I would spend most shifts with a deck of cards, spending hour after hour becoming impressively good at solitaire, looking away from the columns of cards only to occasionally swipe the ID cards of entering patrons. When a deck was particularly difficult to solve, I’d give myself a break and focus instead on the worlds in my books.
That January night, the world I chose to delve into was that of Margaret Atwood’s 2003 novel “Oryx and Crake,” a fictional story that has since become all too real.
I don’t want to provide too many spoilers, as it is a book I would recommend any and everybody read, but the novel takes the reader to a post-apocalyptic beach with the main character, Snowman. The apocalypse, as the reader unravels throughout the entire book, is brought on by a deadly virus that ends up killing off nearly the entire human species.

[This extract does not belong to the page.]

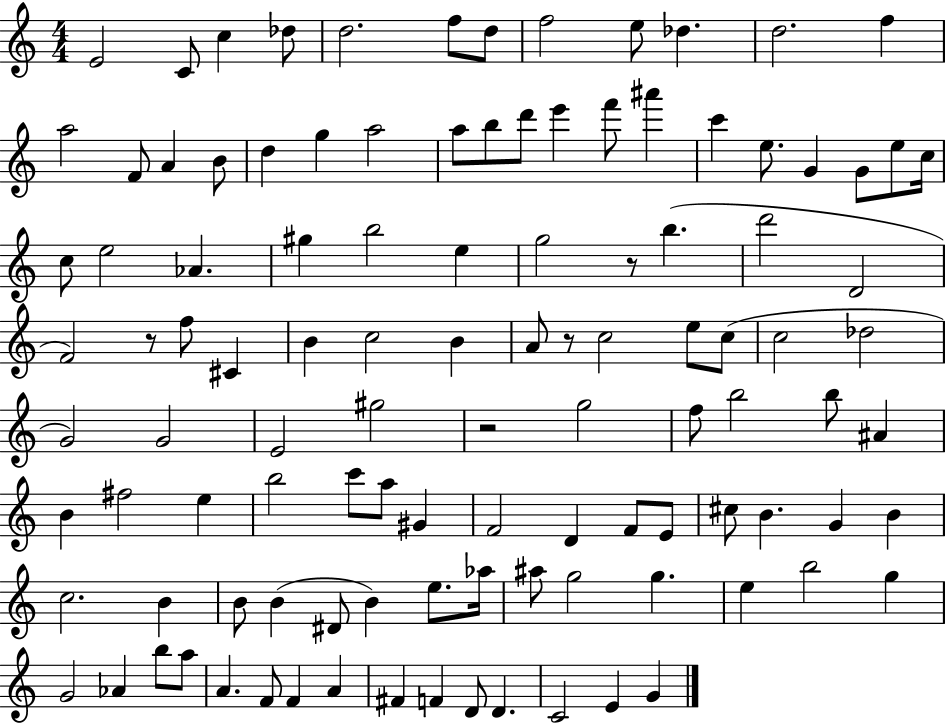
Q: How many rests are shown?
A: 4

Some of the novel’s main themes include greed and love, as well as the dangers of both.
In the book, someone with too much power and too much greed acts on it and the results are deadly. Not only for himself, but for all of humankind and the world.
When I look at the world in which we live today, I can’t help but draw parallel after parallel. Of course, we don’t live in a world full of angry pigoons (intelligent, lab-created pigs with human organs to provide the wealthy with a never-ending supply of transplant organs) or adorable, friendly rakunks (part racoon, park skunk, all cute). We aren’t all suddenly dropping dead by the millions as happens in the novel, but we do live in a world full of power, greed and now, even a pandemic.
Part of why I love reading is because it can tell us so much about ourselves and our world, even if what we’re reading is labeled fiction.
When you mix power and greed, you get corruption. That is true in Atwood’s novel and it is true for us today. When you mix corruption with a deadly pandemic, you end up with hundreds of thousands dead.
Books are a mirror into our own reality.
Kathryn Stockett’s 2009 novel “The Help” highlights the importance of amplifying Black voices.
Though “The Help” takes place in our own real world, the story itself is fiction. The racism and silencing of oppressed people, however, is not.
When the white women in the novel start to read the stories of their Black maids and nannies, chaos ensues. Their own prejudices are being realized and some fight to find out where the stories came from while others push to keep it a secret.
Every time I reread that book I find myself remembering a quote that I grew to love during my time in Germany: Das Chaos sei wilkommen, denn die Ordnung hat versagt.
Chaos is welcome, because order has failed.
Books, it appears, are a mirror into our own surroundings.
Sometimes those surroundings are chaotic, sometimes they’re scary or uncertain. Other times, we feel surrounded only by love or happiness.
Atwood and Stockett know that, and so do the millions of other authors who spend their lives working on these little windows into reality.
Literature reflects the culture from which it came.
The French satire Candide touts the dangers of strictly optimistic thinking, reflecting the philosophical preachings at the time that the world was in perfect balance and order.
New York Times reporters Jodi Kantor and Megan Twohey’s “She Said” walks readers through uncovering the Harvey Weinstein Scandal, reflecting the strides being made by women throughout America and the world.
The next time you pick up a book, think about what it says about your life, your surroundings. Is it a telling tale of racism and greed?
What kind of novel do you want to reflect today’s America and what can you do to get us there?